Llandudno was the sort of place that inspired old-fashioned fears of seaside crime. It made me think of poisoning and suffocation, screams behind varnished doors, creatures scratching at the wainscoting. I imagined constantly that I was hearing the gasps of adulterers from the dark windows of those stuccoed terraces that served as guest houses—naked people saying gloatingly, "We shouldn't be doing this!" In all ways, Llandudno was a perfectly preserved Victorian town. It was so splendid-looking that it took me several days to find out that it was in fact very dull.

It had begun as a fashionable watering place and developed into a railway resort. It was still a railway resort, full of people strolling on the Promenade and under the glass and iron canopies of the shopfronts on Mostyn Street. It had a very old steamer ("Excursions to the Isle of Man") moored at its pier head, and very old hotels, and a choice of very old entertainments— Old Mother Riley at the Pavilion, the Welsh National Opera at the Astra Theatre doing Tosca, or Yorkshire comedians in vast saloon bars telling very old jokes. "We're going to have a loovely boom competition," a toothy comedian was telling his drunken audience in a public house near Happy Valley. A man was blindfolded and five girls selected, and the man had to judge—by touching them—which one's bum was the shapeliest. It caused hilarity and howls of laughter; the girls were shy—one simply walked offstage; and at one point some men were substituted and the blindfolded man crouched and began searching the men's bums as everyone jeered. And then the girl with the best bum was selected as the winner and awarded a bottle of carbonated cider called Pomagne.

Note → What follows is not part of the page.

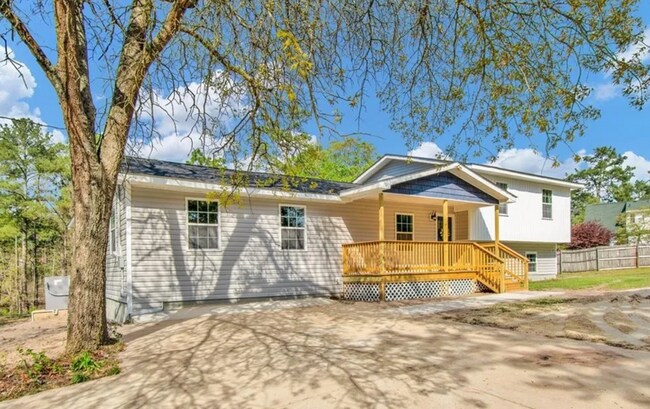 Primary Photo - NEW LISTING!!!!!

I overheard two elderly ladies outside at the rail, looking above Llandudno Bay. They were Miss Maltby and Miss Thorn, from Glossop, near Manchester.

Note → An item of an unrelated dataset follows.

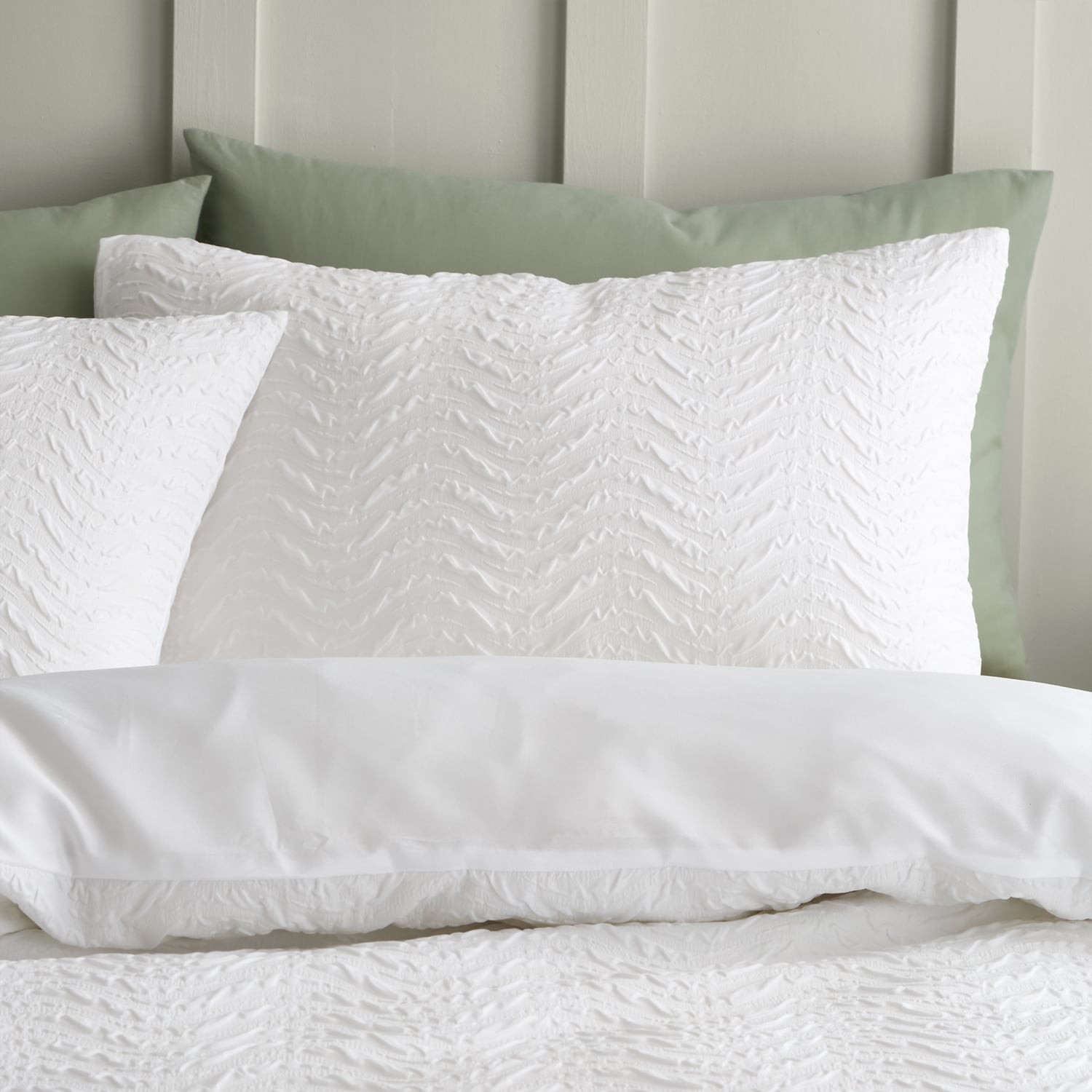 Catherine Lansfield Heatset Wave Duvet Cover Set - White - Heatset Wave White Duvet Set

"It's a nice moon," Miss Maltby said.

"Aye," Miss Thorn said. "It is."

"But that's not what we saw earlier this evening."

"No. That was the sun."

Miss Maltby said, "You told me it was the moon."

"It was all that mist, you see," Miss Thorn said. "But I know now it was the sun."

The town was dominated by two silver-gray headlands of swollen limestone, Great and Little Orme. From Llandudno's pier head on a clear day it was possible to see the Lancashire coast, and from West Parade on the other side (where Lewis Carroll stayed with the Liddell family and wrote part of Alice), Bangor and the shore of Anglesey were greenishly apparent across Conway Bay.

***

There were two Indians in my railway compartment, trying to open a briefcase. It had a combination lock, and they had the combination, but still they could not open it. They quarreled a little, taking turns sighing at the stubborn lock, and then one said, "You would be so kind?" I took the briefcase into my lap and spanked it and it popped open. It contained some combs, a bottle of hair oil, a blue diary, a Bengali movie magazine, and a plastic pouch that was zippered shut. While one Indian removed a comb from the briefcase, the other Indian picked up a valise and left the train, muttering.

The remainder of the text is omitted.